Forbes Social Services and Abuse Claims blog series into the IICSA Report. Series 4: Recommendation 19, Redress

Published: February 13th, 2023

6 min

This article is the fourth and final in our IICSA blog series and will explore Recommendation 19, the Inquiry's recommendation that the UK Government establishes a single tiered redress scheme in England and Wales.

Why has the recommendation been suggested?

The Inquiry's research concluded that many victims of sexual abuse were dissatisfied with the existing processes for redress, namely the civil litigation process and/or criminal compensation schemes, finding them difficult to navigate and re-traumatising for victims and survivors of sexual abuse.

The proposed single redress scheme would replace the separate schemes for both civil justice and criminal compensation in England and Wales, providing the greater levels of accountability and reparation sought by victims and survivors of child sexual abuse. The Inquiry's aim is to maintain simplicity of approach with flexibility to differentiate between applicants who have varying experiences and needs.

The Inquiry proposes five core elements;

  1. Eligibility

Victims and survivors of child sexual abuse and exploitation that occurred in England and in Wales should be eligible to apply.

Applicants must have experienced child sexual abuse and exploitation where there is a clear connection to State or non-State institutions in England and Wales. The Inquiry suggests that the sexual abuse experienced by the victim does not necessarily need to be limited to the institution's premises, meaning a 'connection' will be established on a case-by-case basis. The following examples are cited:

  • Where the institution was responsible for the care or custody of the child e.g. 'looked after children,' received into the care of local authorities and accommodated by local authorities for more than a continuous period of 24 hours;

  • Where sexual abuse occurred on the premises of the institution (whilst the institution was in control of the premises) or in connection with the institution's activities;

  • Where the sexual abuse was committed, caused or contributed to by a person working or volunteering at the institution in the context of those activities.

The scheme should be open to any victim of child sexual abuse that took place prior to its establishment, and would therefore be retrospective.

To prevent double recovery, the scheme should deduct any previous award from any payment under the scheme (or in the case of payments made by the Criminal Injuries Compensation Authority, it may order that they be repaid). How this might be achieved in practice is left open.

Applicants who have previously brought civil claims which have been rejected by the court should be excluded from applying to the scheme, save where their cases have been rejected due to limitation.

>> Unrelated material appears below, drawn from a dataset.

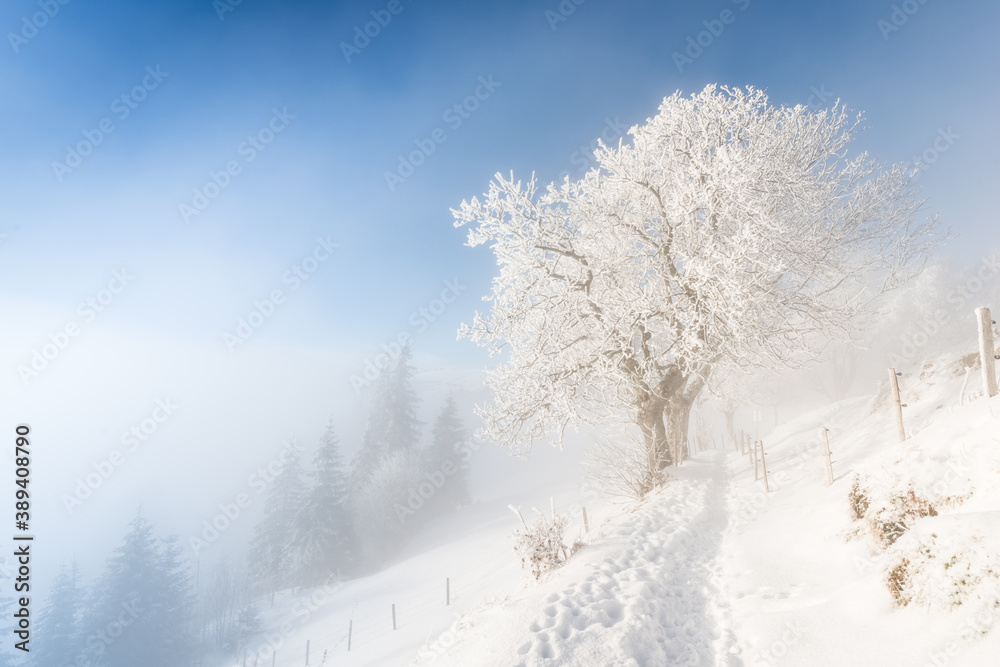 Fog in the winter forest. A path in snow drifts. A tree in snow clothes. Switzerland. Rigi Kaltbach. Fog in the winter forest. A path in snow drifts. A tree in snow clothes. Switzerland. Rigi Kaltbach.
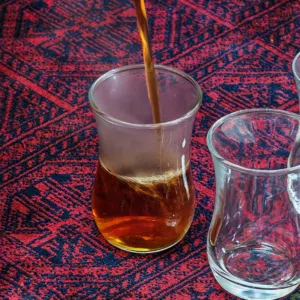 محمد الناعبي .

Further, victims and survivors who have criminal convictions should not be hindered from applying. In certain instances, it may be suitable for relatives or representatives of deceased victims and survivors of child sexual abuse to apply for redress.

  1. Redress provided

The scheme would provide payments to eligible applicants through a simplistic two-tier system comprising an initial fixed flat-rate 'recognition payment', with the option to apply for a second-tier payment.

The first-tier fixed rate payment would comprise a 'modest payment' available to eligible applicants who did not want to recount in detail the sexual abuse that they had experienced.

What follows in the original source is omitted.